I have put classes on that nobody came to.
I flashed a postman trying to learn chin stand on a dharma wheel (for context I was at home in pj's as opposed to the sorting office), and I have definitely fallen over doing a power strut in heels across the dancefloor.
Still, I have made teaching yoga my life, I practise chinstand (in the appropriate underwear) and act like Beyonce in heels.
The yoga mat is an excellent testing ground for growth because you are required to try things that will make you feel uncomfortable. I am a massive perfectionist when it comes to movement, so it took me AGES to try anything that was not already in my repertoire (read that as - loved a half moon coz yay arabesque but no way am I twisting or binding or arm balancing). I was more self-conscious than I gave myself credit for and I did not want to fall over, fart or look stupid. An ongoing lesson for me is that if I want to get better or make a big change or grow, I have to be willing to fall over. A recent conversation with a dance teacher on why I never tried to dance professionally was surmised with her stating that ‘maybe you didn’t want it enough’. Although ruthless, it is pretty true - my tender 17 year old self did not want it enough to mess up and try again.
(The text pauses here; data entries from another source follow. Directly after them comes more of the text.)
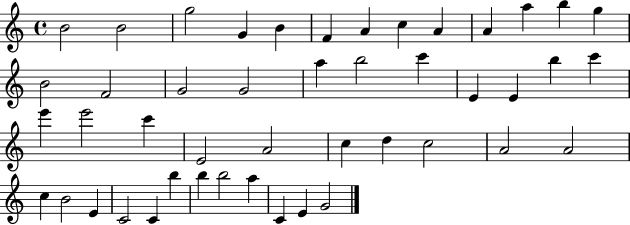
X:1
T:Untitled
M:4/4
L:1/4
K:C
B2 B2 g2 G B F A c A A a b g B2 F2 G2 G2 a b2 c' E E b c' e' e'2 c' E2 A2 c d c2 A2 A2 c B2 E C2 C b b b2 a C E G2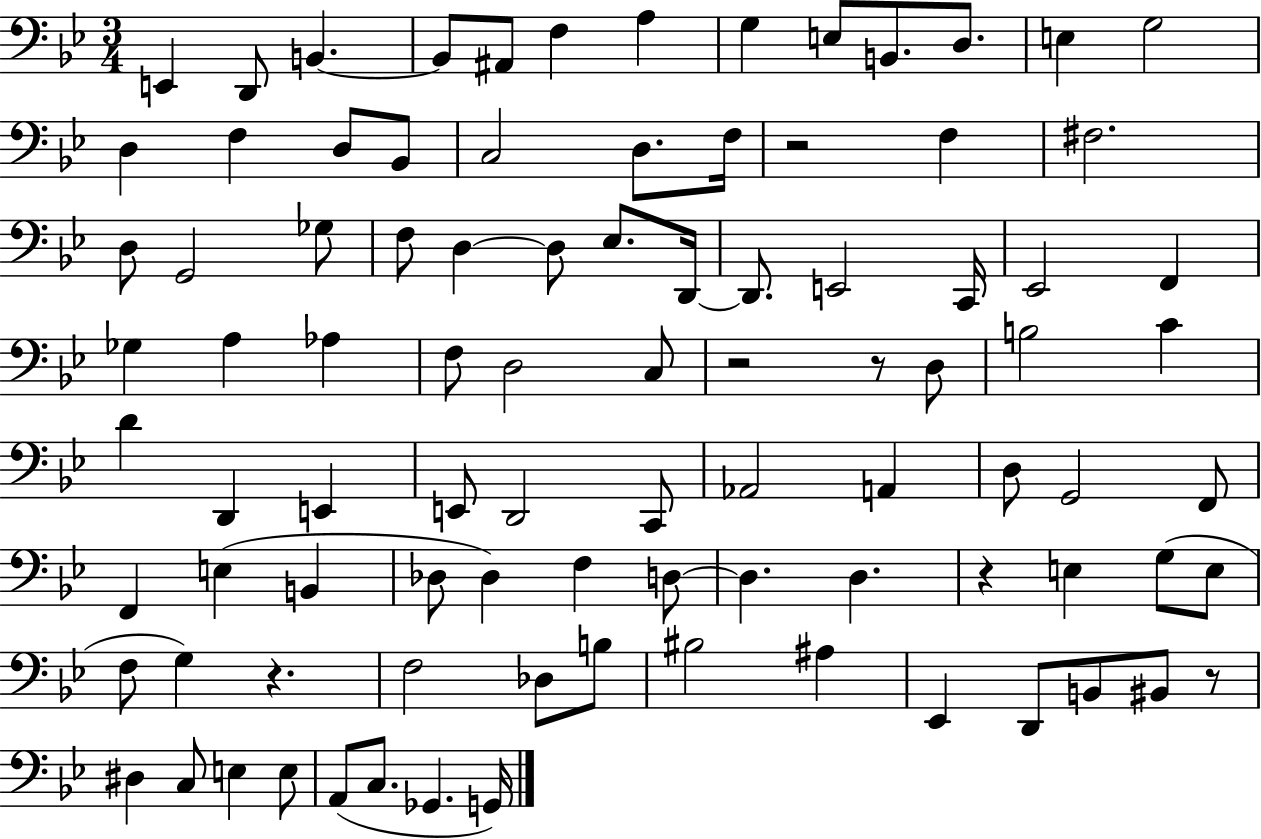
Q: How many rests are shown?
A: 6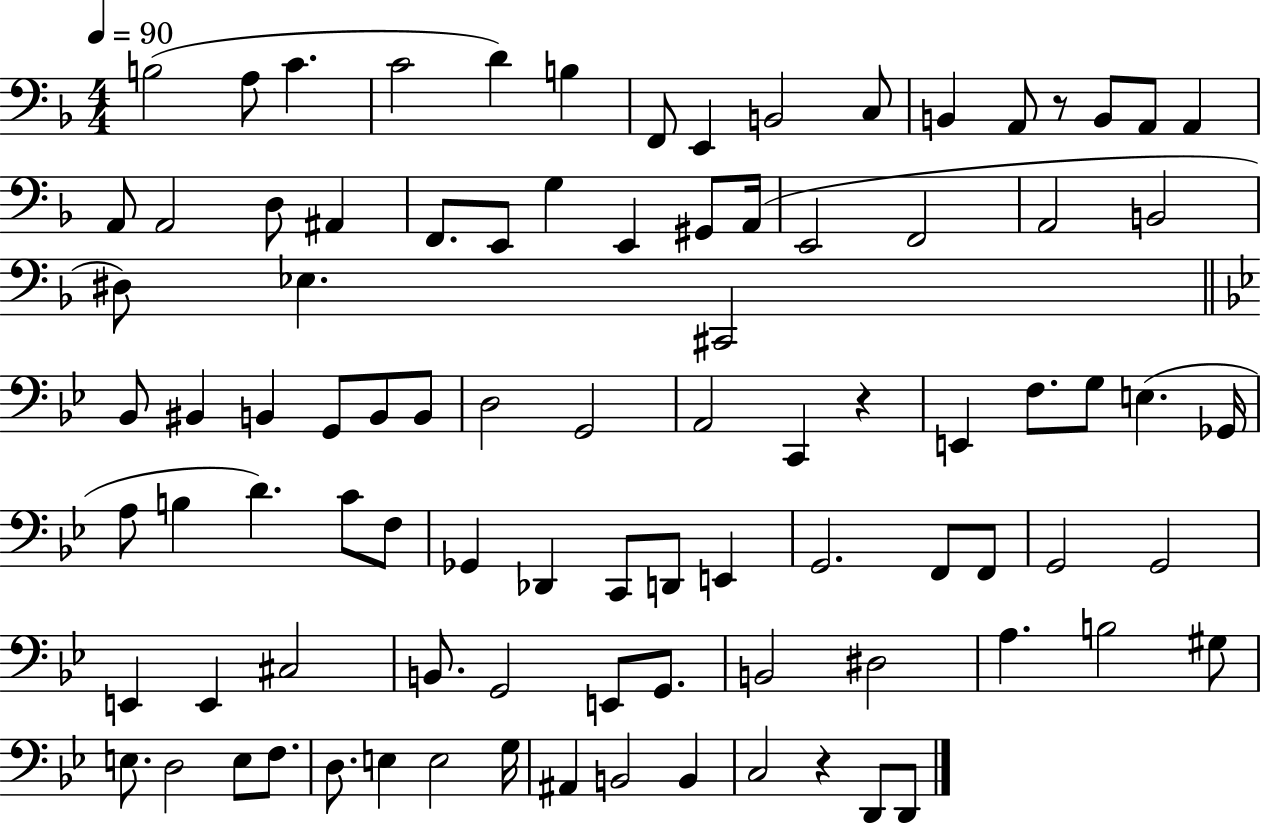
B3/h A3/e C4/q. C4/h D4/q B3/q F2/e E2/q B2/h C3/e B2/q A2/e R/e B2/e A2/e A2/q A2/e A2/h D3/e A#2/q F2/e. E2/e G3/q E2/q G#2/e A2/s E2/h F2/h A2/h B2/h D#3/e Eb3/q. C#2/h Bb2/e BIS2/q B2/q G2/e B2/e B2/e D3/h G2/h A2/h C2/q R/q E2/q F3/e. G3/e E3/q. Gb2/s A3/e B3/q D4/q. C4/e F3/e Gb2/q Db2/q C2/e D2/e E2/q G2/h. F2/e F2/e G2/h G2/h E2/q E2/q C#3/h B2/e. G2/h E2/e G2/e. B2/h D#3/h A3/q. B3/h G#3/e E3/e. D3/h E3/e F3/e. D3/e. E3/q E3/h G3/s A#2/q B2/h B2/q C3/h R/q D2/e D2/e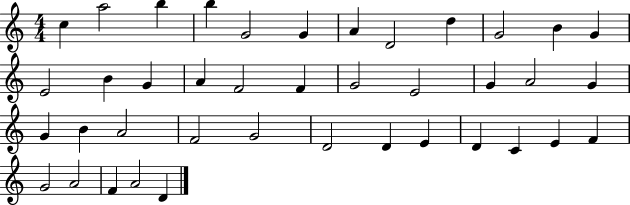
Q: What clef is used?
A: treble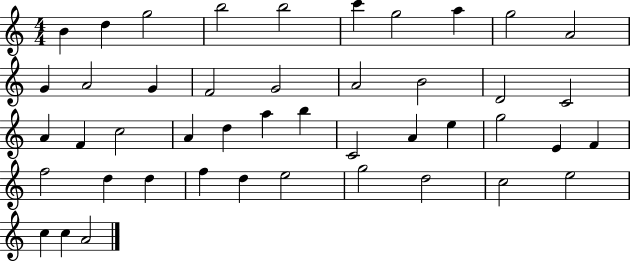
{
  \clef treble
  \numericTimeSignature
  \time 4/4
  \key c \major
  b'4 d''4 g''2 | b''2 b''2 | c'''4 g''2 a''4 | g''2 a'2 | \break g'4 a'2 g'4 | f'2 g'2 | a'2 b'2 | d'2 c'2 | \break a'4 f'4 c''2 | a'4 d''4 a''4 b''4 | c'2 a'4 e''4 | g''2 e'4 f'4 | \break f''2 d''4 d''4 | f''4 d''4 e''2 | g''2 d''2 | c''2 e''2 | \break c''4 c''4 a'2 | \bar "|."
}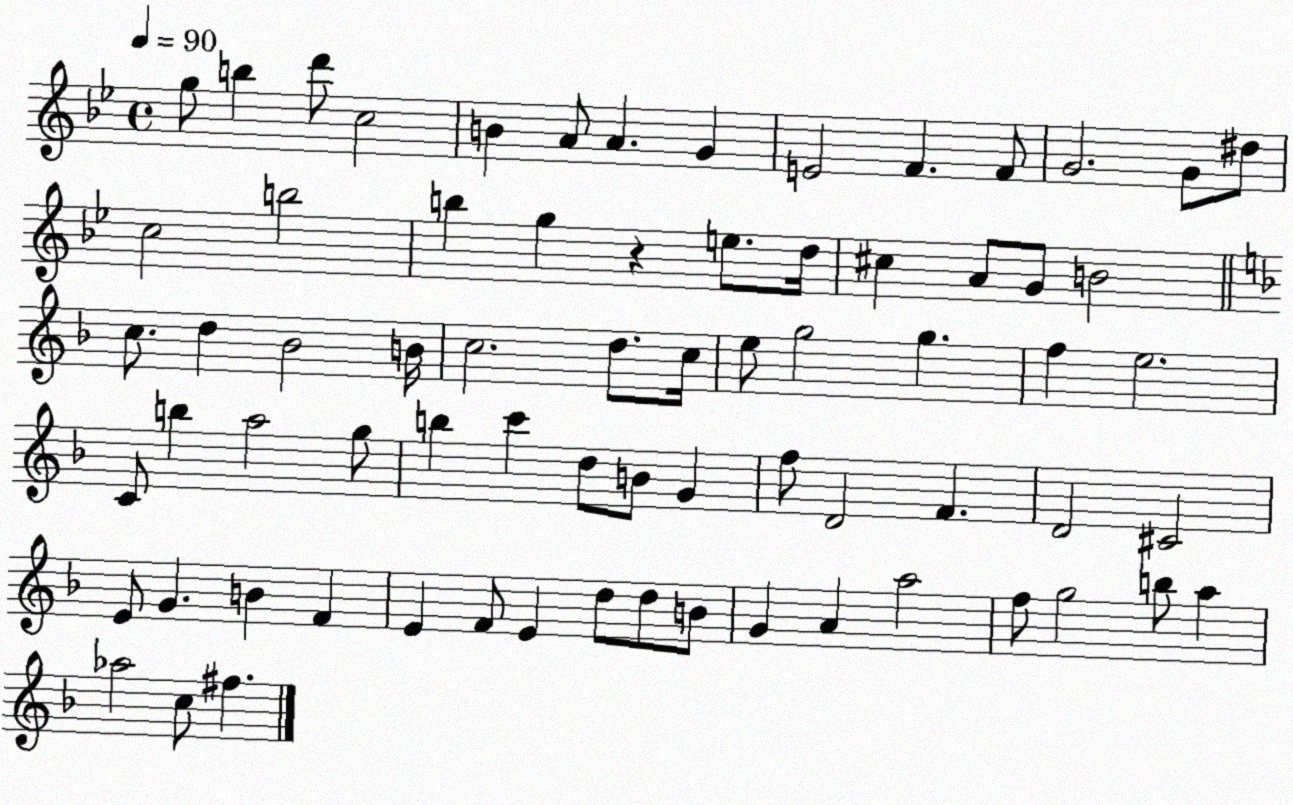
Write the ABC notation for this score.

X:1
T:Untitled
M:4/4
L:1/4
K:Bb
g/2 b d'/2 c2 B A/2 A G E2 F F/2 G2 G/2 ^d/2 c2 b2 b g z e/2 d/4 ^c A/2 G/2 B2 c/2 d _B2 B/4 c2 d/2 c/4 e/2 g2 g f e2 C/2 b a2 g/2 b c' d/2 B/2 G f/2 D2 F D2 ^C2 E/2 G B F E F/2 E d/2 d/2 B/2 G A a2 f/2 g2 b/2 a _a2 c/2 ^f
This is part of the reason why when you fall down in class I cheer! By falling over, it means you have brushed through the middle ground, where you pull in all the elements of what you know and expand out. It means you bloody well tried. The journey of the Warrior is to figure out how to get back up again, and even though it alarms you, you do it, and for that I am so so proud of you.
This evening is a Full Moon in Aries. The invitation is to look at our passions, what we want to achieve and the hills we need to climb to get there. While doing this, remember that you may not have worked out the how yet, you may stumble or face plant or take a wrong turn. All this does is teaching us how to get better. I have beautiful P&L spreadsheet - I am doing Fine at maths.